A number of details about the activities of Mr Whittamore and his associates have slowly emerged into the public domain. In September 2011, the “Independent” published details of its own investigations into this. The piece, “Exposed after eight years: a private eye’s dirty work for Fleet Street” contained a number of important new pieces of information concerning Mr Whittamore’s operation.
On that occasion the “Independent” reported that there were 17,000 requests for information by journalists to to Mr Whittamore. A number of these targeted victims of crime. Mr Whittamore’s role in the Dowler story has already been reported (he told a local newspaper “I was just the middle man”). Other victims of crime apparently included
- the parents of Soham murder victim Holly Wells.
- the parents of murdered schoolgirl Sara Payne
- victims of the Dunblane massacre.
According to the “Independent” the Table below – the ICO’s table which recorded 3,757 transactions – substantially understated the number of cases. In fact there are said to have been 17,489 orders from media organisations, including 1,028 from News International (including 90 from arrested News of the World journalist Greg Miskiw), 6,774 from Trinity Mirror titles.
Further information emerged last week after an investigation by ITV News. It published the first detailed look at who was paying Whittamore for what. It calculates that the most requests were from 65 journalists working for the Daily Mail and its Weekend magazine: a total 1,728 transactions, which is almost double previously disclosed by the Information Commissioner.
ITV News calculated that the Daily Mail paid Whittamore £143,150 for this potentially illegal information. The next biggest spenders were said to be the Daily Mirror who spent more than £92,000, followed by the People, which spent more than £76 000.
The spending of other newspapers on possibly illegal searches included:
- The Mail on Sunday – £62,025
- The Evening Standard – £29,598
- The Sunday Mirror – £27,807
- The News of the World – £23,306
- The Daily Express and the Observer both spent around £13,000
The full details of what we calculated each newspaper paid, and for what, can be viewed here, together with the number of transactions previously calculated by the Information Commission in his report “What Price Privacy Now“.
ITV news reported that
“There were also several boxes of invoices with not as much detail as the books. So it’s impossible to tell from these what was legal and what was potentially illegal. But they do show the newspapers were actually spending even bigger amounts of money for Steve Whittamore’s information, although we don’t know what for. From the invoices we found News International spent an additional £490,738.66, Trinity Mirror: £376,918.07, Associated Newspapers, publishers of the Mail: £268,311.40, Express Newspapers: £95,430.26”
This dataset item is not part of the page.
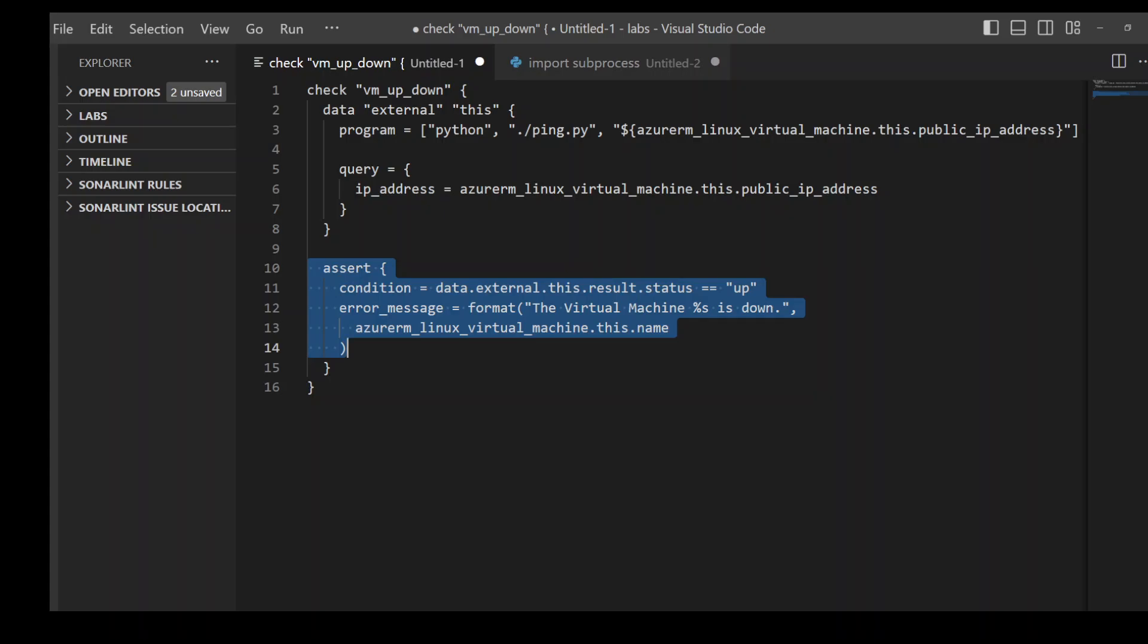If you have any feedback or question regarding this check block, please put it in the comment section. Thank you very much.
There was a report of the story in the Independent – which quoted a call by Evan Harris of Hacked Off for the targets of Whittamore’s searches to be notified of what had taken place. He said:
“The true scandal about this is that there been a sophisticated but flagrant cover-up of the extent and knowledge of this by several newspaper groups and no proper investigation by the authorities of the role of elements of the press in driving this industrial-scale theft of private information. Surely now the Leveson Inquiry must start asking the newspapers what their justification for this was and to expose the conspiracy of silence that has surrounded this.”
At the hearing on 29 March 2012 Lord Justice Leveson warned participants not to leak information to the press. He declined to comment on the accuracy of the programme, and said he would consider publishing the files if there were any submissions made to him, but that information about victims of Whittamore should remain private, as the terms of reference of the inquiry are not concerned with “who did what to whom”. There was a report of his comments on the Hacked Off website.